* **Exercise brief**: Somewhere below are a line with "View of a playground" and a later line with "Common Snipe". Output exactly those lines and all lines between them.

* **Data for this task**:
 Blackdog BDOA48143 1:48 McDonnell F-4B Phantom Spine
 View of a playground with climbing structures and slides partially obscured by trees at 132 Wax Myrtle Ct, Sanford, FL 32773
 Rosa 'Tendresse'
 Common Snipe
==
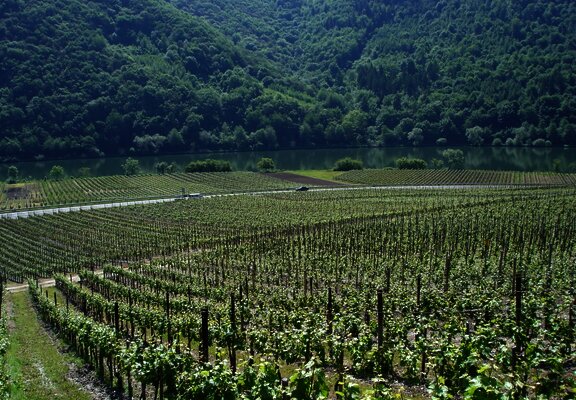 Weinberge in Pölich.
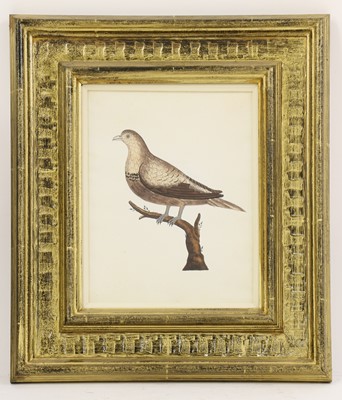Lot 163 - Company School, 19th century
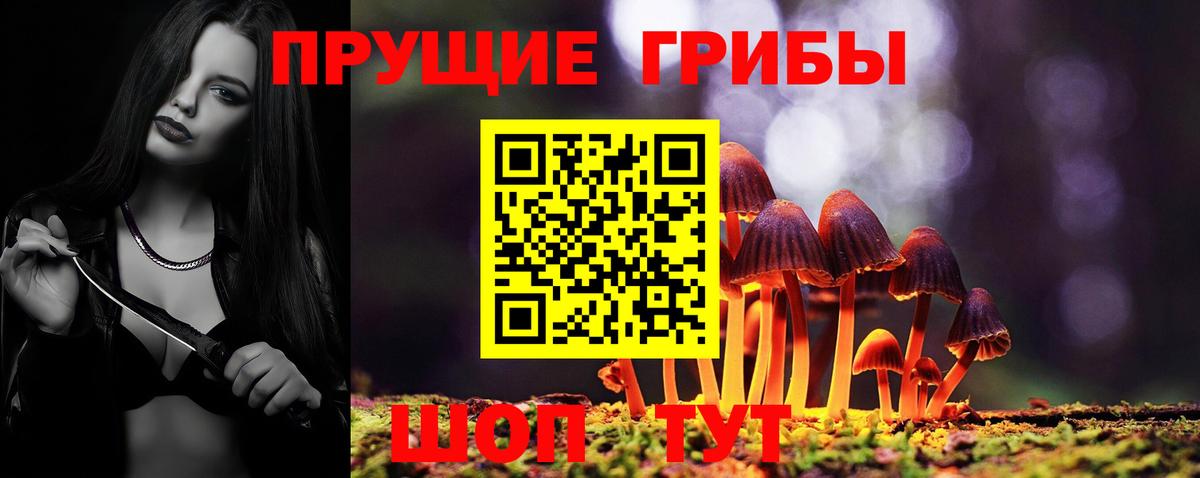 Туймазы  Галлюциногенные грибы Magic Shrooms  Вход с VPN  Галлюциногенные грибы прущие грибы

* **Task answer**:
 View of a playground with climbing structures and slides partially obscured by trees at 132 Wax Myrtle Ct, Sanford, FL 32773
 Rosa 'Tendresse'
 Common Snipe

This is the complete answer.